Thursday, September 30, 2010

The Curtin Opposition and the Menzies Minority Government of 1940-41

Over the past few days the Abbott Opposition to Gillard's minority Government has been putting around the furphy that somehow John Curtin, Australian wartime Opposition Leader, was involved in attempts to destabilise Robert Menzies' wartime Government, as a justification for its current obstructiveness.  It is time to put this outrageous lie to rest. I propose to do that by examining in some detail the Curtin Opposition's relationship withe the Menzies 1940-41 Government.
After the 1940 election Menzies, seeking a way out of the political difficulties created by the Independents holding the balance of power, approached Curtin to form a National Government. Curtin responded by suggesting the Labor proposal of an Advisory War Council. After some negotiation the parties arrived at an agreement. The Labor Party promised to co-operate with the Government in its attempts to strengthen the war effort, to deal with internal security matters and in preparations for the immediate postwar period. It would not use its numbers in the Parliament to embarrass the Government in its war effort. (This last condition is worth noting. It puts the lie to Joe Hockey's claim that Curtin did not pair Menzies when Menzies went to London and Washington in January 1941.) All members of the Council, Menzies, Fadden, Spender and Hughes for the Government, Curtin, Forde, along with Makin for Labor and Beasley for Lang Labor were sworn in 'to respect all confidences.'
On 13 February, 1941, after an Advisory War Council meeting held about two and a half weeks after Menzies had departed for London to impress on Churchill the potential danger Australia faced from Japan, Curtin issued a joint statement with the acting Prime Minister, Artie Fadden that 'effective preparatory measures' were being taken to put Australia on a war footing. Curtin faced severe criticism within the Parliamentary Labor Party for his association with the joint warnings when Fadden was forced to justify his statements against the charge that he was a panic merchant. Eddie Ward, the Labor member for East Sydney, labelled the warnings a hoax. To counter this, Fadden called a secret session of Parliament to discuss the impending Japanese threat, and the measures taken to counter that threat. This was not achieved without drama. Eddie Ward refused to give an undertaking to keep secret matters disclosed at the closed session and was ejected from the House. His behaviour resulted from his conviction that the Menzies led .coalition was not fit to govern and should be attacked on any grounds regardless of the danger to national security. 
Menzies returned to Australia at the end of April, 1941 On 27 June Eddie Ward seconded a Caucus motion 'that in the interests of the people and for the safety of the nation' the Labor Party pledge itself to defeat Menzies in the House 'not later than the next Budget.' This gave the Party just over a two month deadline. The motion was nullified by a Curtin supported amendment.
Menzies was having serious problems within his United Australia Party. At the end of July he had fended off a challenge to his leadership exacerbated by calls from within the Labor Party for him to be deposed. Despite pressure from Dr. H. V. Evatt, who had pronounced himself Curtin's natural successor when it appeared the Labor leader might lose his seat in the 1940 election, and from Beasley, Curtin refused to commit himself publicly to Menzies' overthrow. 
At the suggestion of some of his Cabinet colleagues Menzies put forward the idea that he might go again to London, so the Australian voice could be 'directly heard in the place in which the major decisions are inevitably made' - the British War Cabinet. Hughes, his eyes on the Prime Ministership yet again, was one of the most forceful advocates of this plan. But Labor, with the balance of power in the House of Representatives, would not give their assent to the visit. They believed the Prime Minister should be in Australia to direct the administration of the war effort and knew Menzies would fail if forced to stay in Australia. (This is the only instance where Curtin denied Menzies a pair, and, under the circumstances facing Menzies, Labor's attitude is perfectly understandable politically.) On 28 August, after consulting his wife and parents, Menzies bowed to intra-party pressure and resigned.

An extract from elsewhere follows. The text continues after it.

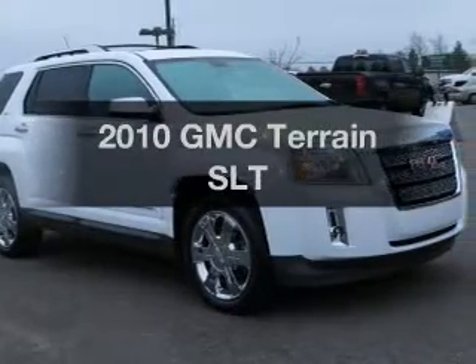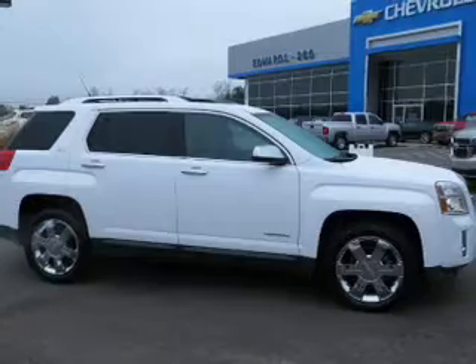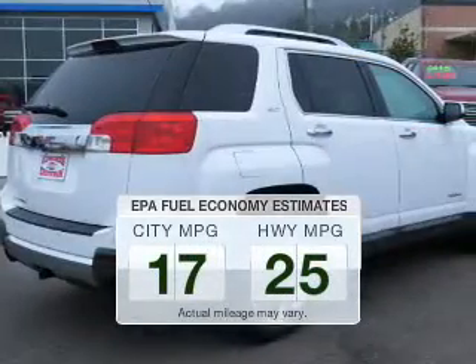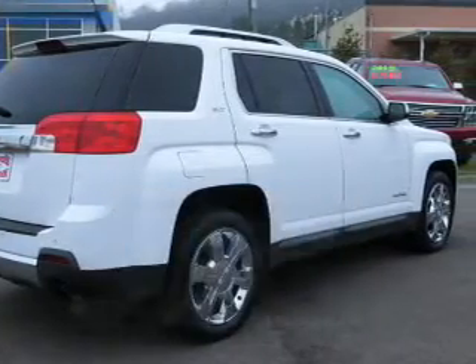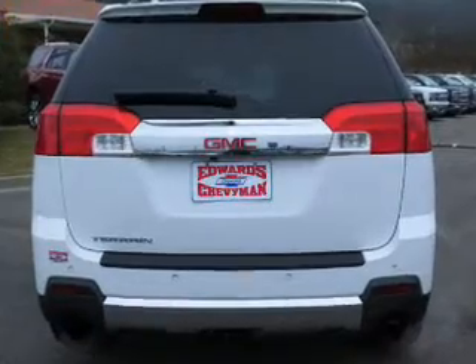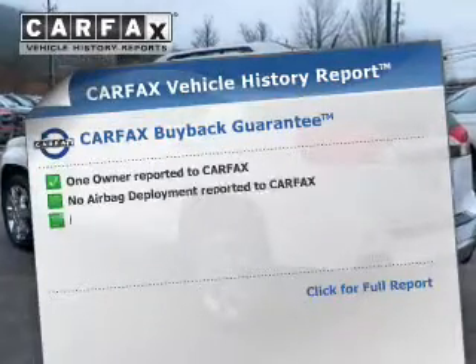Presenting the 2010 GMC Terrain. If you're looking for an automobile with great attributes, look no further. Run all over town and back home again without worrying about filling up when driving this fuel-efficient ride. The powertrain includes front-wheel drive with a reliable engine connected to a smooth-shifting automatic transmission.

Wednesday, September 22, 2010

George Johnston at Bunker Hill -Reflections on New Evidence

A little while ago I did a post on eleven year old George Johnston's experiences at Bunker Hill. My interpretation of the evidence for Johnston's action was based on several assumptions implied in the evidence I had gathered to that date: 1) that Johnston was in Boston with his parents  2) that he had not yet joined the Marines 3)  that consequently he was a spectator not a participant in the battle of Bunker Hill 4) that because he was with his wife in Boston, Johnston's father, Captain David Johnston was nursed by his wife in their rented residence in Boston.
New evidence that has come to light has overturned all these assumptions. Young George actually joined the Marines as a ten year old in October 1774 and came to Boston alone with his father in January 1775. His father went went with Lord Percy's First Brigade to relief Lt. Colonel Francis Smith at Lexington after the latter's disastrous retreat from Concord. Young George remained in Boston.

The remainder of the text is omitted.